Enquanto se desculpava, ele encostou sua mão direta em meu joelho, na tentativa de me consolar. Seus dedos eram cumpridos e não pude deixar de pensar que ele deveria ser realmente bom tocando piano.
- O que foi? – Disse, enquanto notava que eu encarava sua mão – Algo errado?
- Não, não. Minha avó costuma dizer que mãos cumpridas são ótimas para tocar piano, e quando vi a sua, essa lembrança veio direto em meus pensamentos. Olha, eu também tenho mãos grandes. – Falei enquanto juntava as palmas de nossas mãos, num ímpeto de impulsividade. Procurei seus olhos quando me dei conta desse contato inesperado, buscando entender se ele estava incomodado, mas Sean não pareceu se importar:
- Então, você toca piano? – Por mais que minha mão fosse grande, a dele ainda era muito maior. Meus dedos pareciam de uma menininha perto dos dele.
- Na verdade, não. Que teoria furada.
Nós dois não pudemos evitar cair na risada. Até agora, esse era o momento mais descontraído da tarde. Eu estava me sentindo mais confiante do que nunca em entrevista-lo, e a barreira da linguagem ia sendo aos poucos deixada de lado.
- Mas e você? Já terminaram mais com você do que o contrário?
Fui pega de surpresa por esse questionamento. Eu ainda não havia me recuperado da crise de risada pós teoria furada da vovó, e fiquei confusa com esse nosso início de bate-papo/abandono da entrevista. Eu não tinha a próxima pergunta formulada em minha cabeça, mas isso não significa que estava pronta para desistir do que estava por vir.
Foco aqui, Sean, nós temos uma entrevista para terminar.
Mas não vou negar que gostei daquele súbito interesse por mim. Obviamente não era nada, uma simples pergunta de cortesia. Mesmo assim, me senti lisonjeada.
- Entendi, pergunta pesada a que eu te fiz, não? Foi uma boa estratégia me devolvê-la – Sean riu e ajeitou um cacho do cabelo que estava caindo em seus olhos.

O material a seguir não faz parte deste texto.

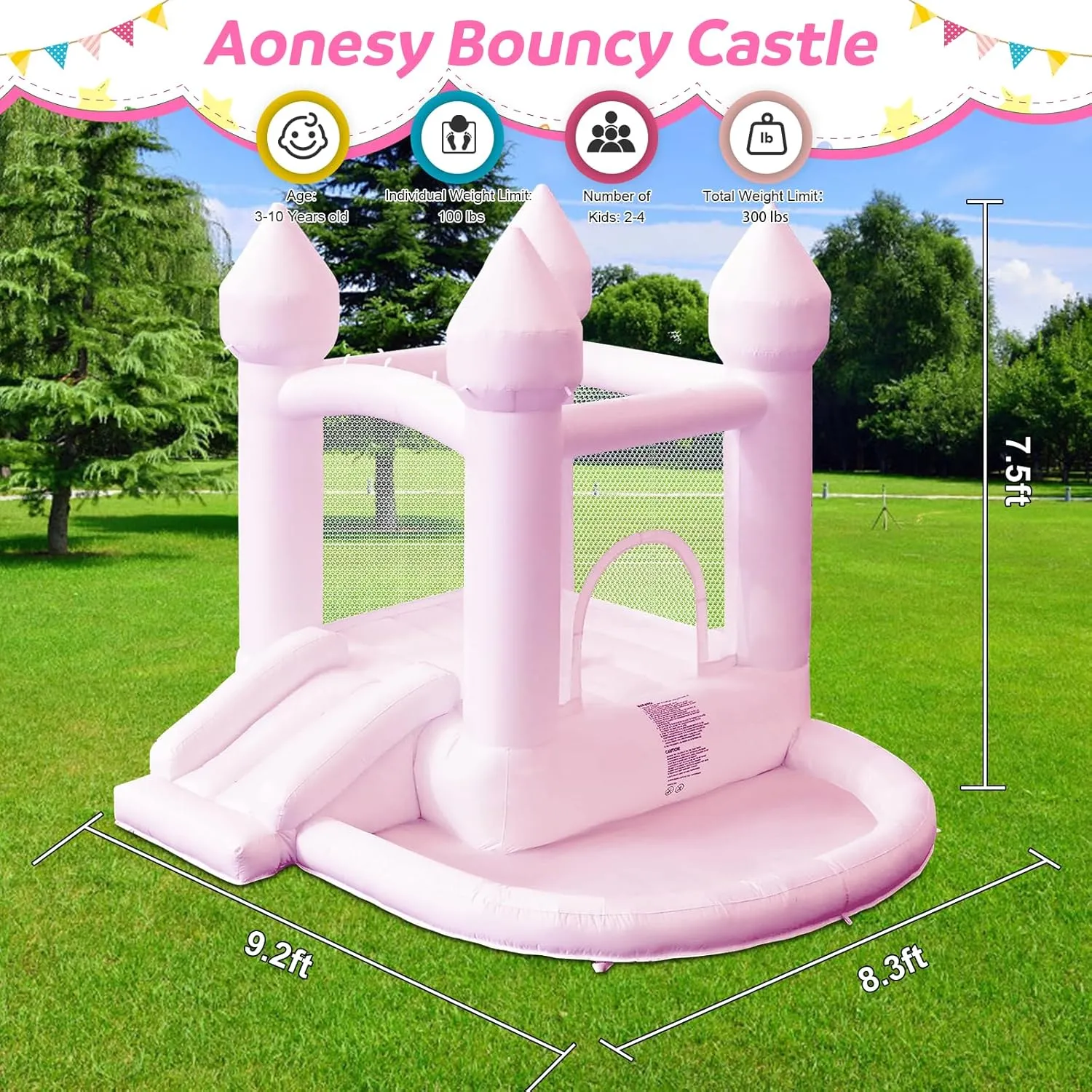 House$ Inflatable Bounce House with Ball Pit & Slide Toddler Bounce House Indoor Portable Fun House Outdoor Bounce House with Blower Moon uniformitarianism furthermore Bounce Castle for Party 9 * 9 * 7 FT (Pink) Kids Bounce 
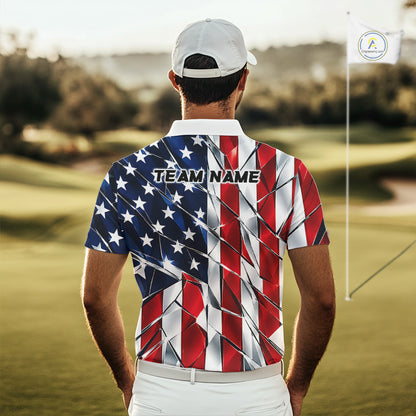 Broken Glass American Flag Golf Polo Shirt For Men Custom Patriotic Golf Top Golf Tournament Shirt NYN4926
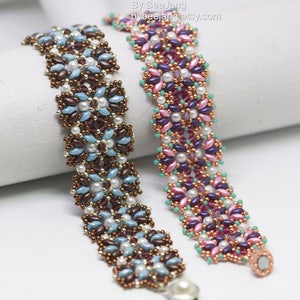 May include: Two beaded bracelets with intricate patterns. One bracelet is brown, blue, and white, and the other is pink, purple, and green. The bracelets are made with small seed beads and feature a variety of colours and textures.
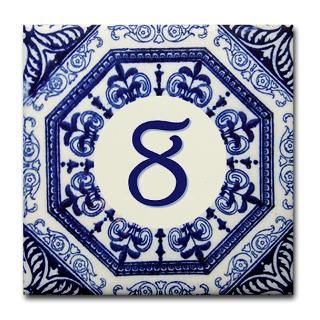 Delft Blue House Number Eight Tile Coast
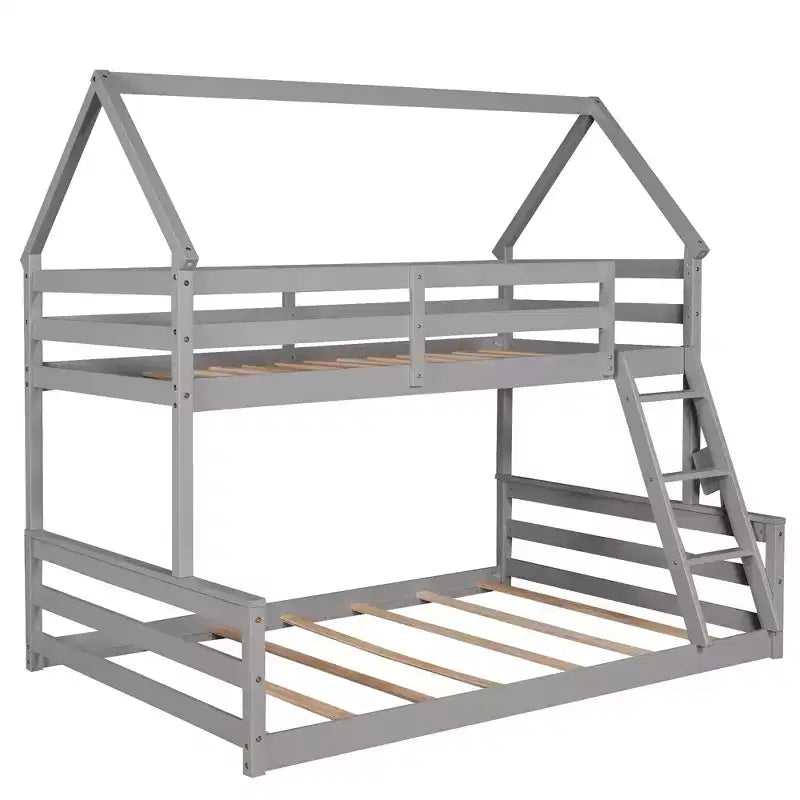 Twin over Full House Bunk Bed with Ladder, Detachable into 2 Beds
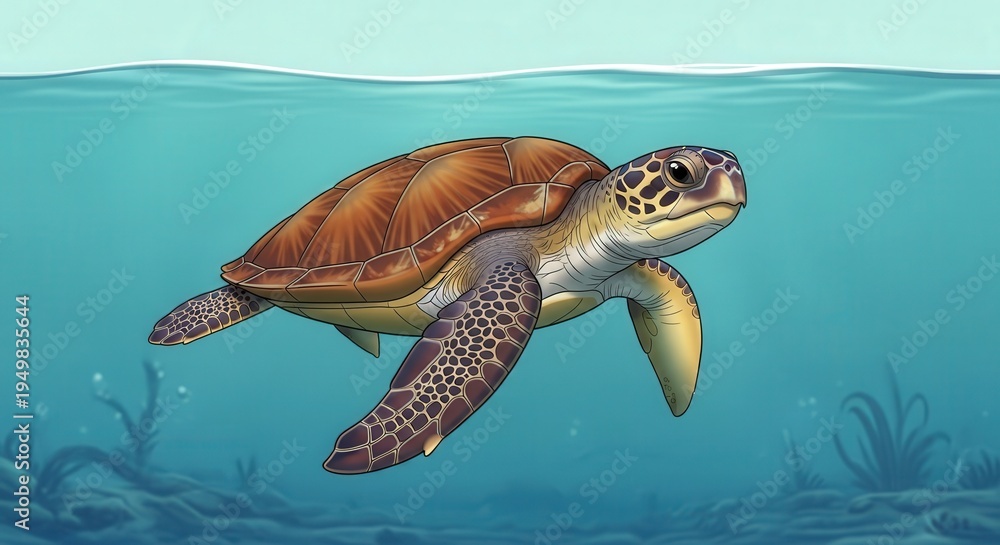 Fototapeta premium Underwater Scene Featuring a Sea Turtle Swimming Above Ocean Floor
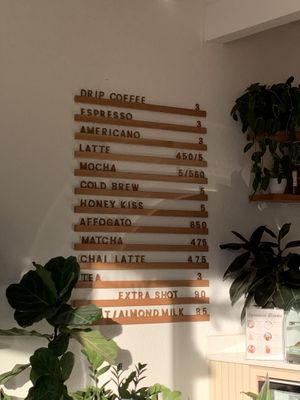 Drink menu  at Common Ground Coffee in Tacoma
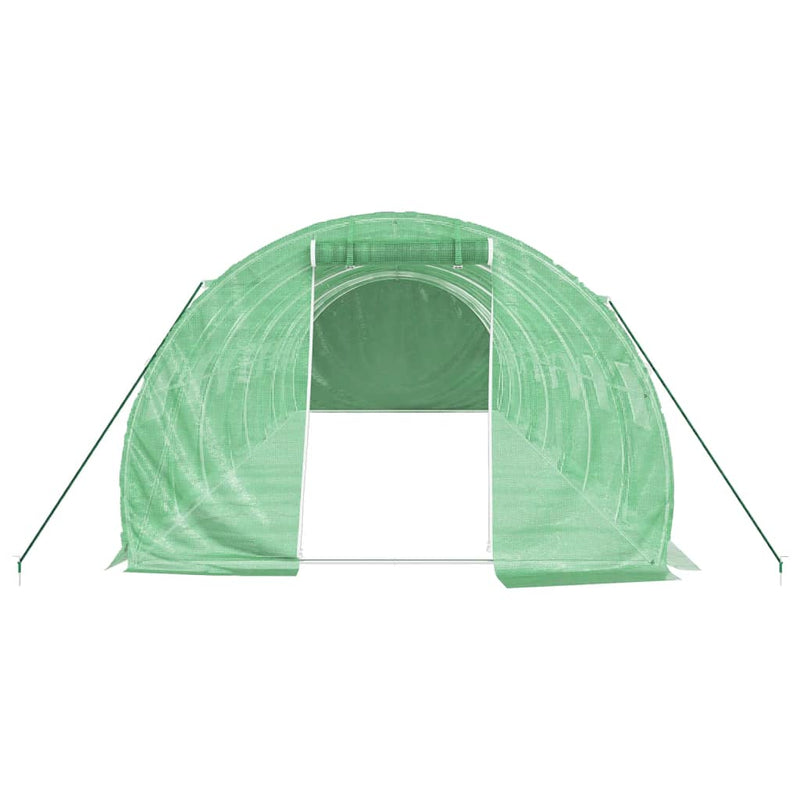 vidaXL zöld acélvázas melegház 24 m² 8 x 3 x 2 m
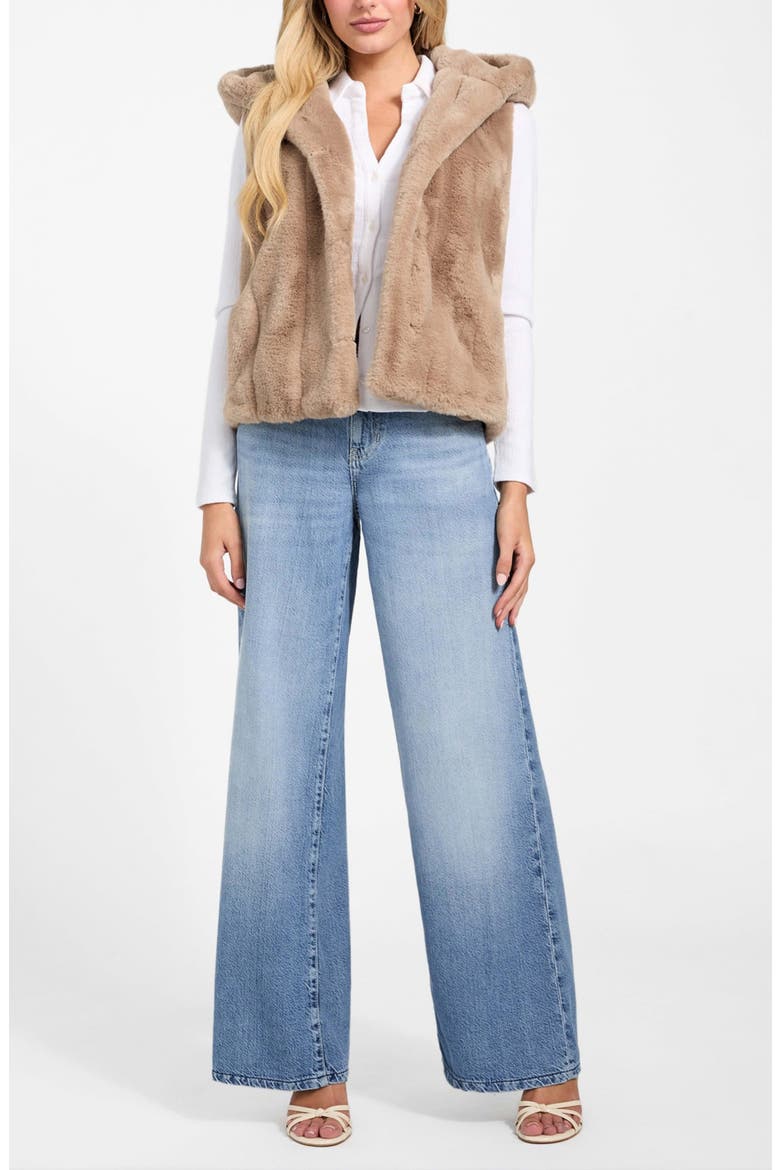 Sophy Hooded Faux Fur Vest, Alternate, color, BEIGE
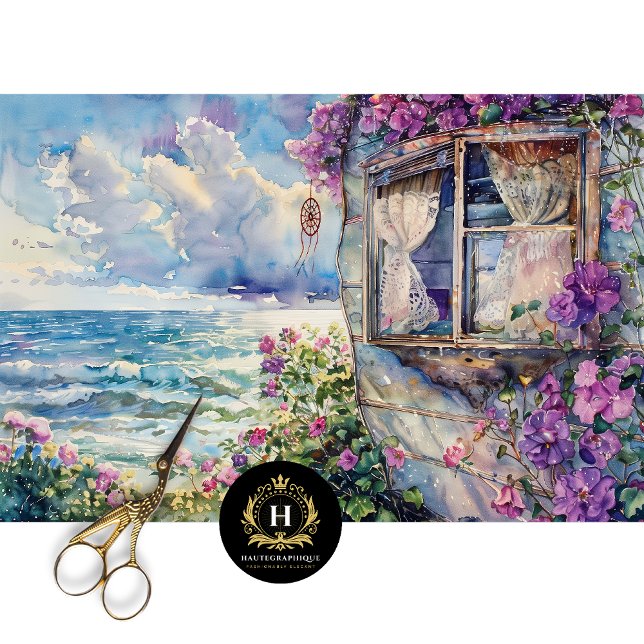Papier Mousseline Aquarelle Boho Coastal Caravan Decoupage (Créateur téléchargé)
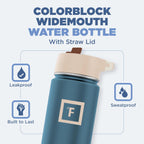 IRON °FLASK Camping & Hiking Hydration Flask with Straw Lid & Boot - Stainless Steel, Double Walled & Vacuum Insulated Water Bottle - Leak Proof & BPA Free (Azure Mist, Straw - 22 oz)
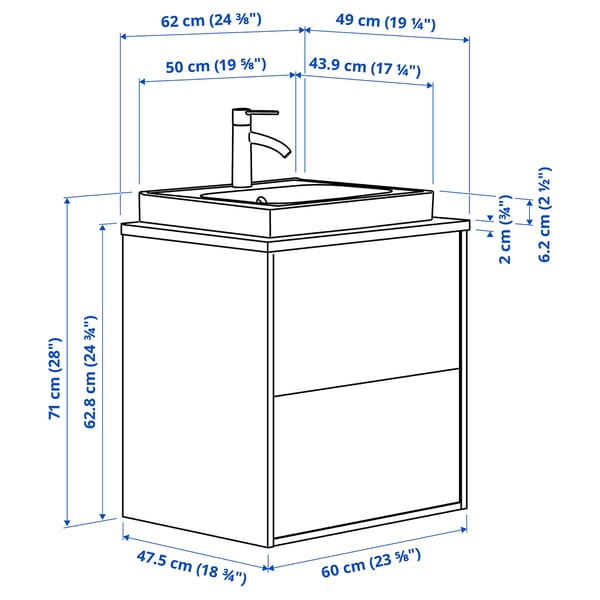 Illustrazione con le misure del prodotto: HAVBÄCK.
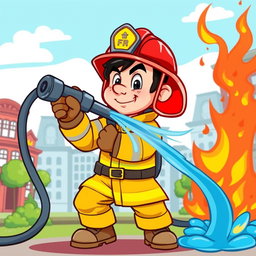 A cartoon style illustration of a firefighter bravely putting out a fire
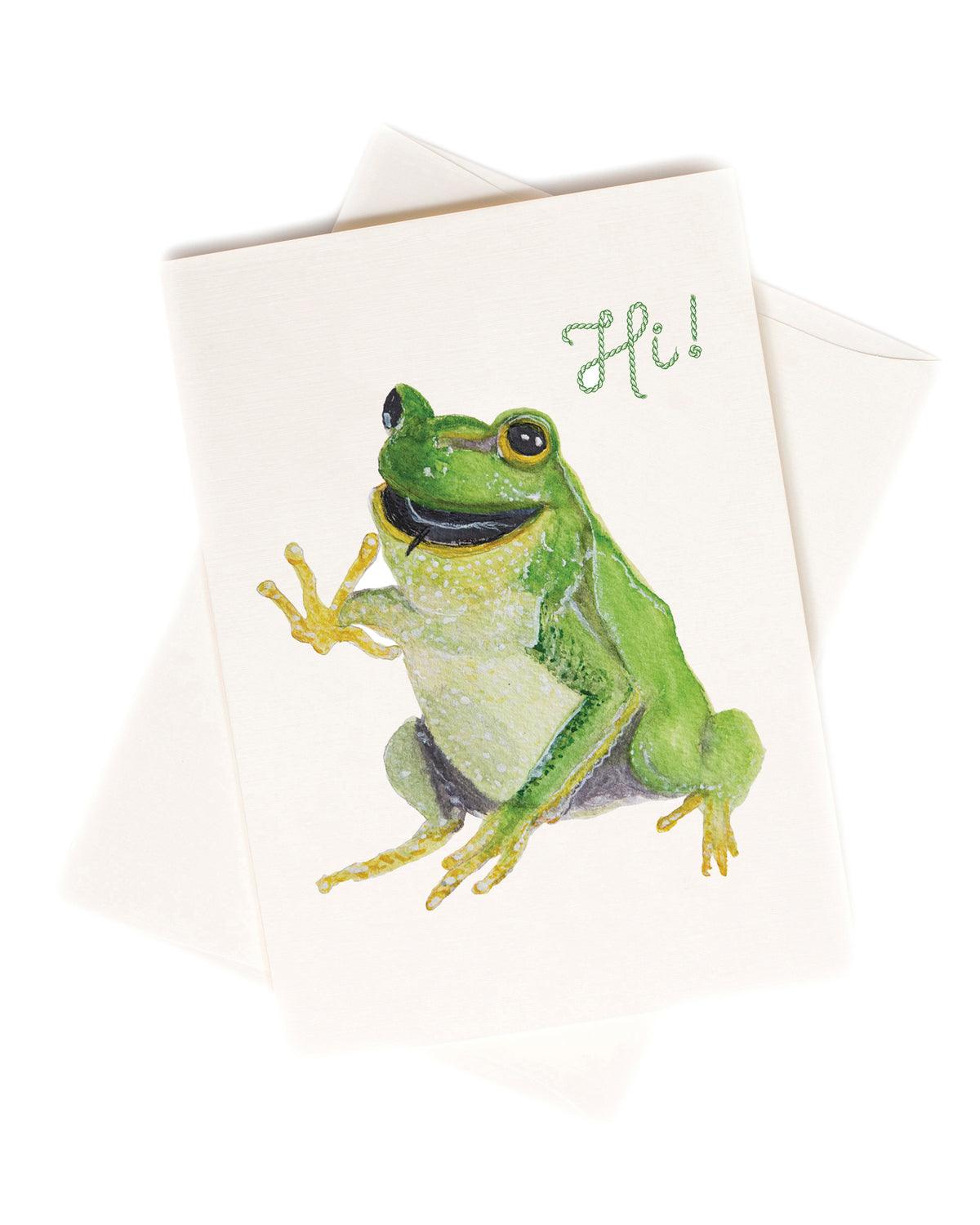 Hi Frog watercolor greeting card by Love From Amelia Rose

Ele fez isso com bastante frequência, já não sei se o cacho estava realmente atrapalhando, ou se se tratava apenas de uma mania. – Eu acho que mais terminaram do que eu terminei.
- Eu não acredito nisso, você só está sendo modesta.
- Na verdade não, eu tenho problemas em desistir – Disse, fazendo o sinal de aspas no ar enquanto falava a palavra desistir. Será que as pessoas também fazem sinal de aspas na América do Norte? Mas, na verdade, por que não fariam? Resolvi fingir que não tive esse monologo mentalmente e tratei as aspas com naturalidade, mas vou me controlar para não fazer de novo e parecer louca, não sei como explica-las em inglês caso esse ato venha a se mostrar como sendo somente brasileiro. – Mesmo quando a situação já está ruim, eu tento continuar e lidar com os problemas. Às vezes, imagino que teria economizado tanto tempo, e me economizado também! Se ao menos eu tivesse deixado as situações terminarem sem ficar insistindo em algo que já foi e não tem mais volta.
Enquanto Sean se ajeita no sofá, como quem se arruma melhor para poder falar, ouvimos do lado de fora da minha janela uma leve confusão se formando no que aparentava ser a frente do meu prédio e, de repente, conseguimos ouvir cliques, que pareciam de insetos.
Fiquei sem entender, mas pude notar em sua expressão que Sean já sabia do que se tratava. Seus olhos ficaram um pouco mais aberto do que de costume, e ele arrumou novamente aquele exato cacho de seu cabelo.
Definitivamente se tratava de uma mania.
- Me desculpe, eu não imaginei que nos encontrariam.
Eu, que continuava sem entender, levantei e - no caminho do sofá até a janela - aproveitei para atender meu celular que havia começado a tocar.
- Elena? Elena é você? O que você tem a declarar sobre o seu relacionamento com Sean Hill? Vocês já se conheciam antes da vinda dele ao Brasil?
Minha boca se abriu levemente e eu encarei o celular sem compreender a situação. Ainda sem dar uma resposta ao intruso da ligação, fui chegando mais perto da minha janela e pude ouvir de longe Sean me aconselhando a não fazer isso.